**Your assignment**: Your task is to retype all of the records below with complete accuracy.

Stored dataset items
* * *

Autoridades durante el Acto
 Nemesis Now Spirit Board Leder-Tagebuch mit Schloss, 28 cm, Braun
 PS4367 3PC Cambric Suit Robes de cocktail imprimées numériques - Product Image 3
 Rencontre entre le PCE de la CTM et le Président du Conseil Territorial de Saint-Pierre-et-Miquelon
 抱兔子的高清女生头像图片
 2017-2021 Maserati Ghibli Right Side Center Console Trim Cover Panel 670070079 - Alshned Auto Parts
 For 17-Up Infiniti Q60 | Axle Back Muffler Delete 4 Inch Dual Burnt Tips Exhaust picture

* * *

**Answer space**:
Autoridades durante el Acto
 Nemesis Now Spirit Board Leder-Tagebuch mit Schloss, 28 cm, Braun
 PS4367 3PC Cambric Suit Robes de cocktail imprimées numériques - Product Image 3
 Rencontre entre le PCE de la CTM et le Président du Conseil Territorial de Saint-Pierre-et-Miquelon
 抱兔子的高清女生头像图片
 2017-2021 Maserati Ghibli Right Side Center Console Trim Cover Panel 670070079 - Alshned Auto Parts
 For 17-Up Infiniti Q60 | Axle Back Muffler Delete 4 Inch Dual Burnt Tips Exhaust picture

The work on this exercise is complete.